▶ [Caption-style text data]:
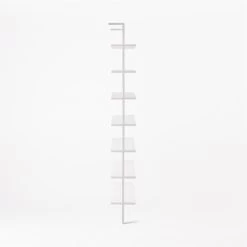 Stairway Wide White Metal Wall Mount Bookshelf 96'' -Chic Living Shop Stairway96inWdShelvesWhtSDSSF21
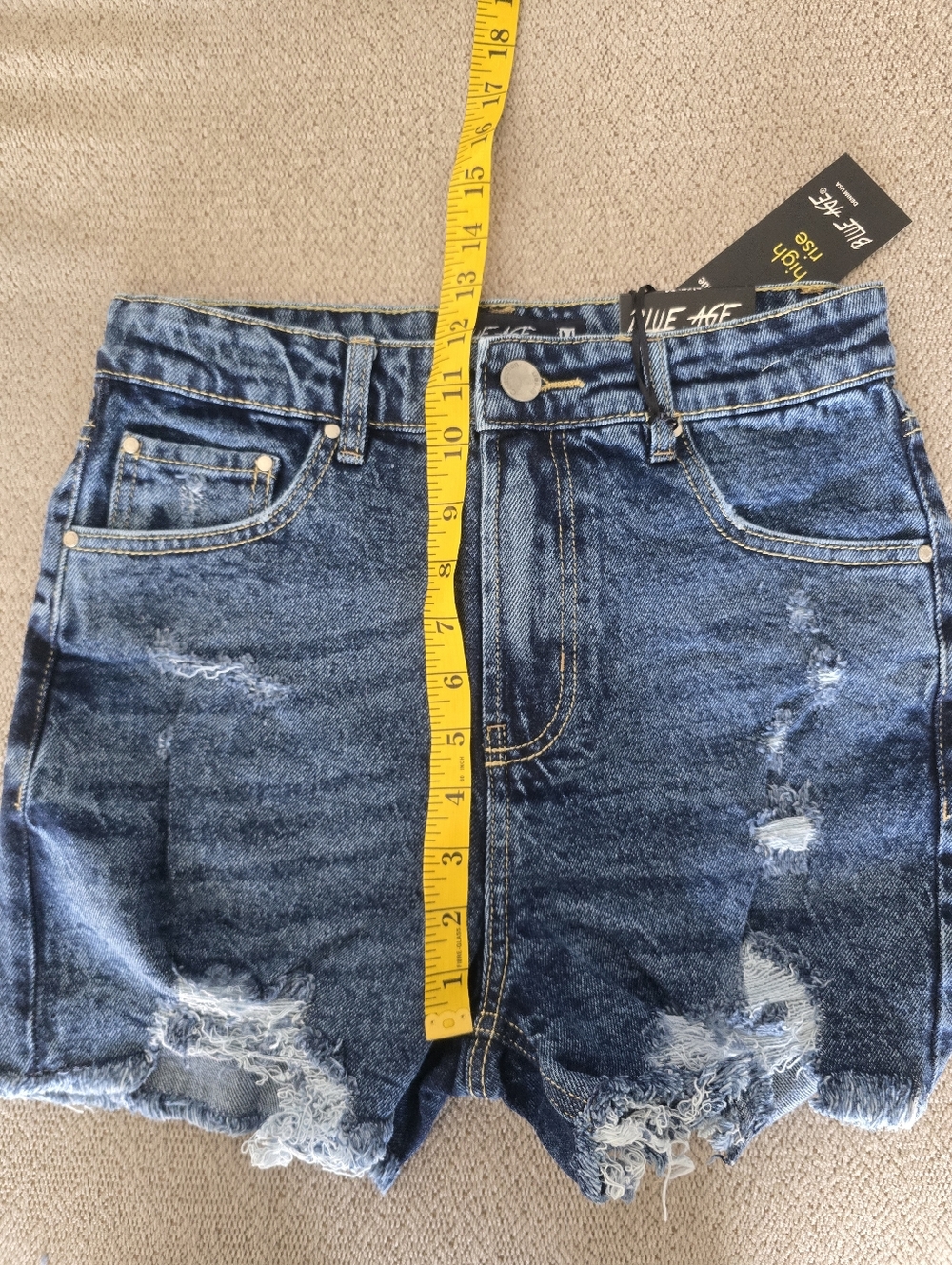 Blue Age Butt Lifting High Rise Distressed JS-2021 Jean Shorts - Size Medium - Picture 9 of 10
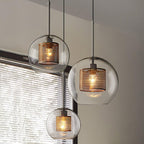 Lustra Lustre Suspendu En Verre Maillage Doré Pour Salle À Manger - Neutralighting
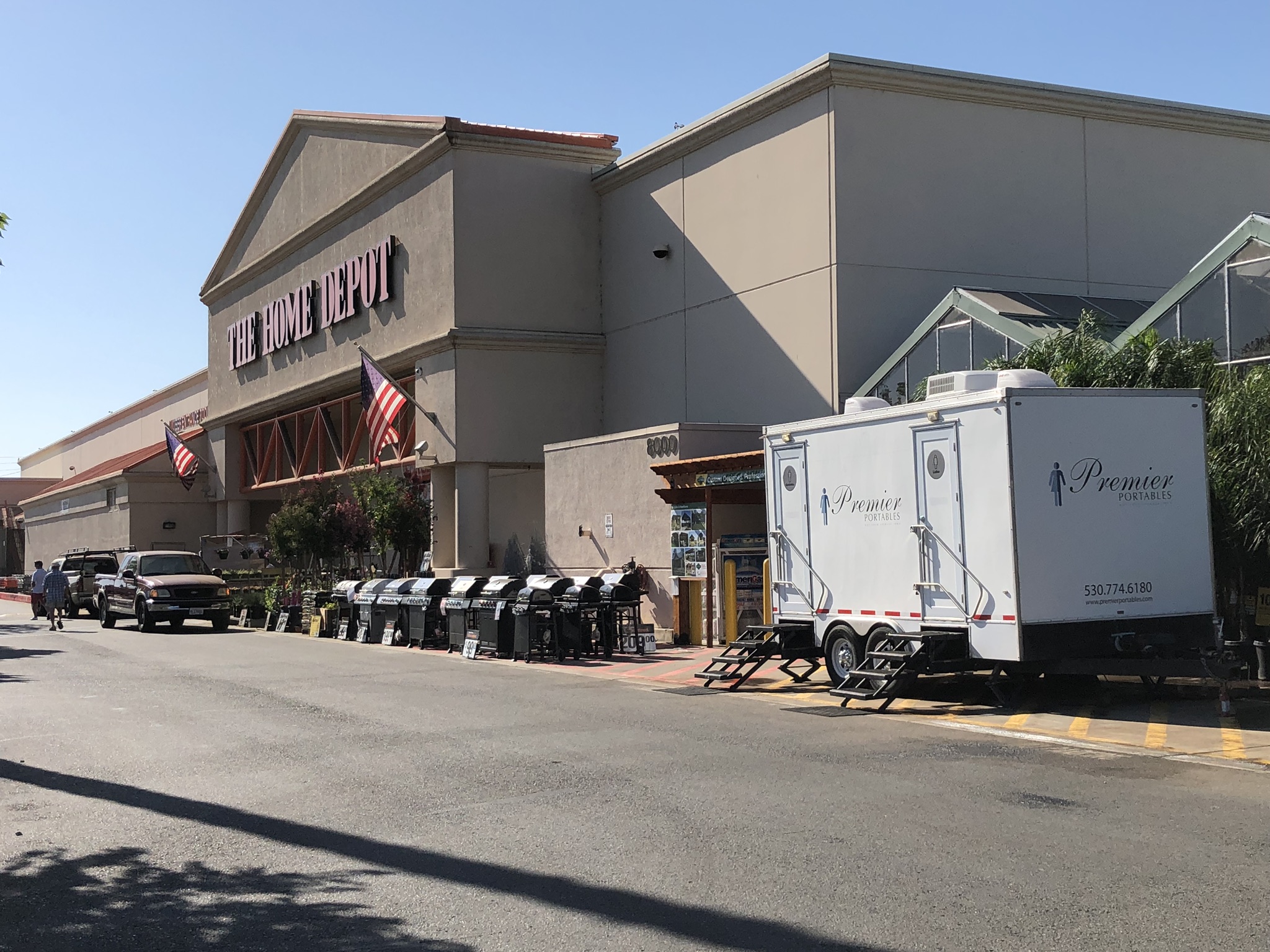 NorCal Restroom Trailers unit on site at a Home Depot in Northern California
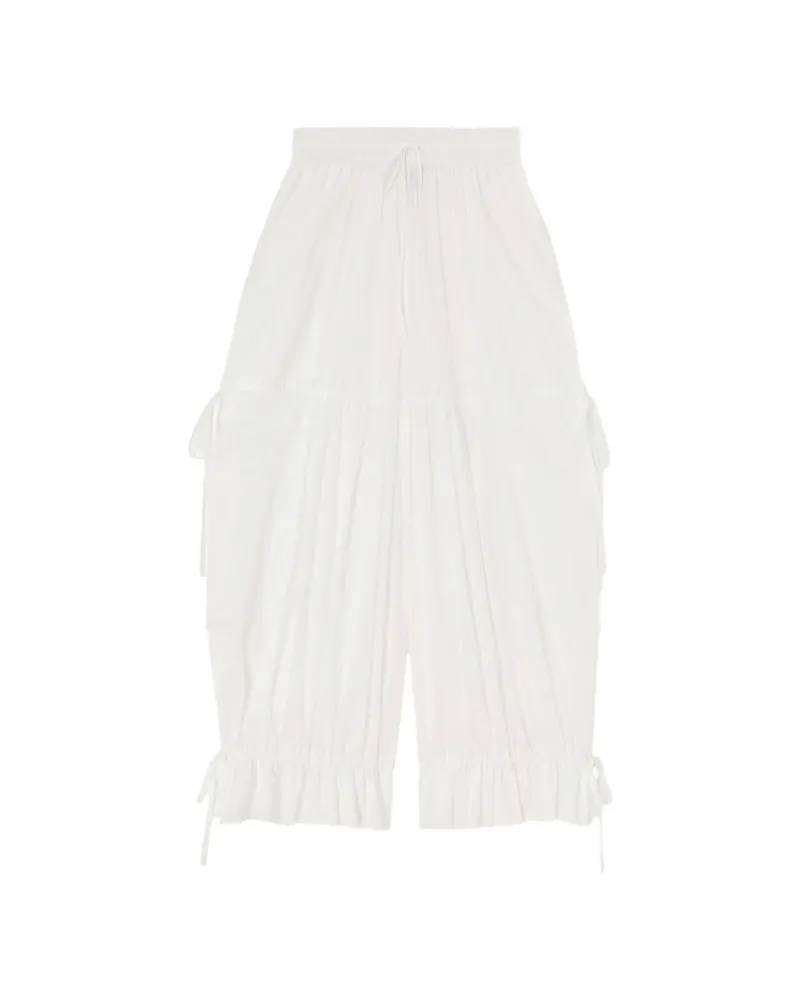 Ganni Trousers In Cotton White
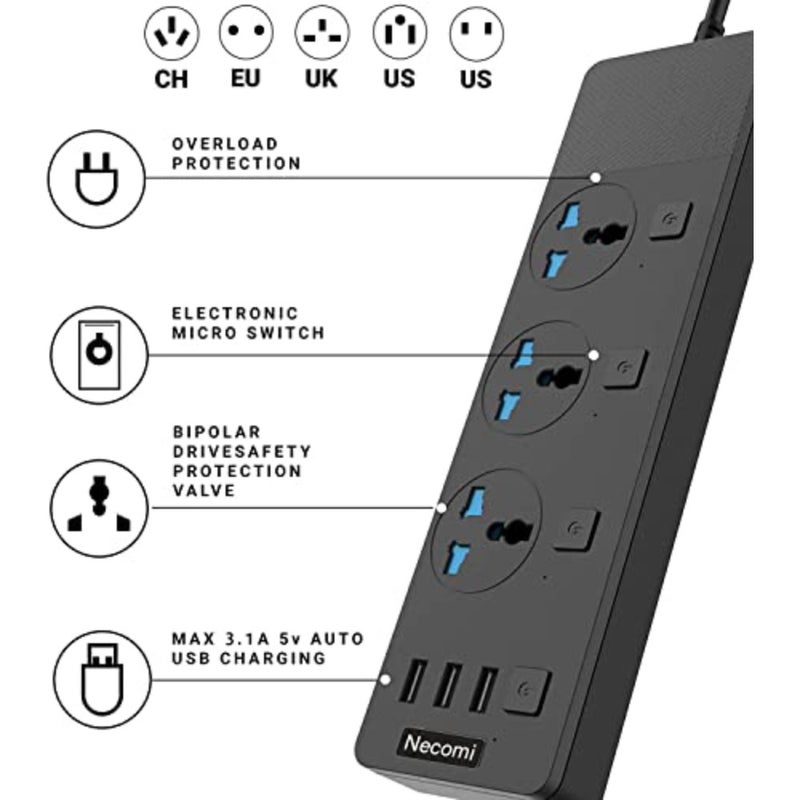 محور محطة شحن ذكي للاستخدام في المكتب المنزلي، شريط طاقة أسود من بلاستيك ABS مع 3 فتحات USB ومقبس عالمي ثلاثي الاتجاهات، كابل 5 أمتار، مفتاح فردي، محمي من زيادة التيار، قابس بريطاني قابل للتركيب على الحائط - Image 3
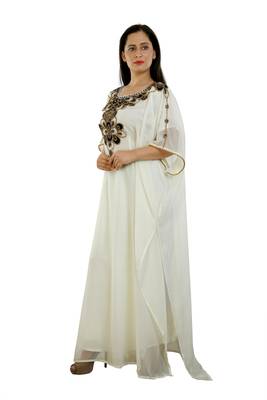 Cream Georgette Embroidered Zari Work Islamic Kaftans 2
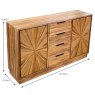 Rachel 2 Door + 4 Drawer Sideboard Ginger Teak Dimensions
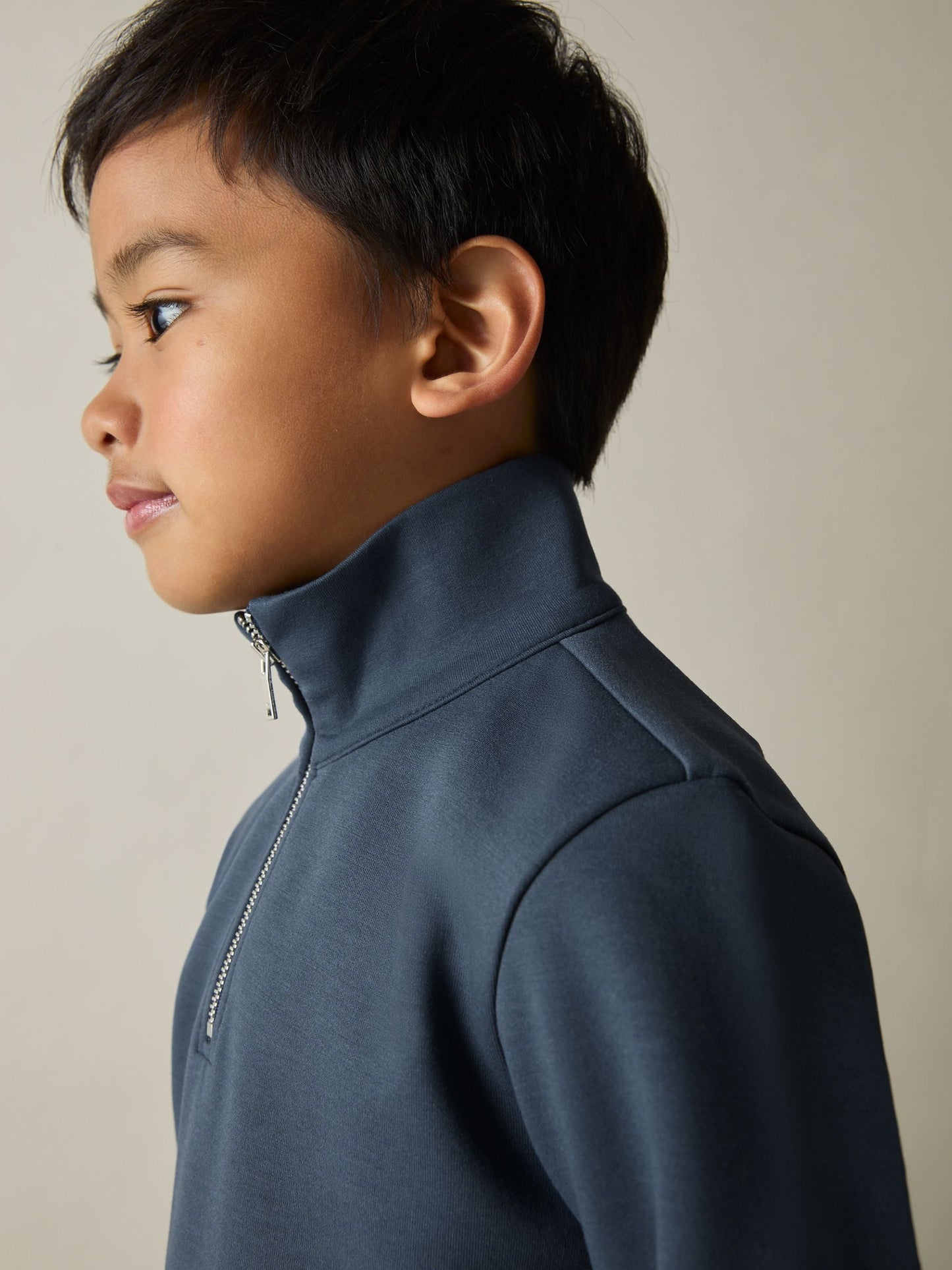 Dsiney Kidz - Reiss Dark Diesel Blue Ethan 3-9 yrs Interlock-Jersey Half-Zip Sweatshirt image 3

▶ [EXERCISE PROMPT]: Drop the pictures, then write out only the lines running from the one containing "Rachel 2 Door" through the last line above, both included, exactly.

▶ [ANSWER FOR THE TASK]:
 Rachel 2 Door + 4 Drawer Sideboard Ginger Teak Dimensions
 Dsiney Kidz - Reiss Dark Diesel Blue Ethan 3-9 yrs Interlock-Jersey Half-Zip Sweatshirt image 3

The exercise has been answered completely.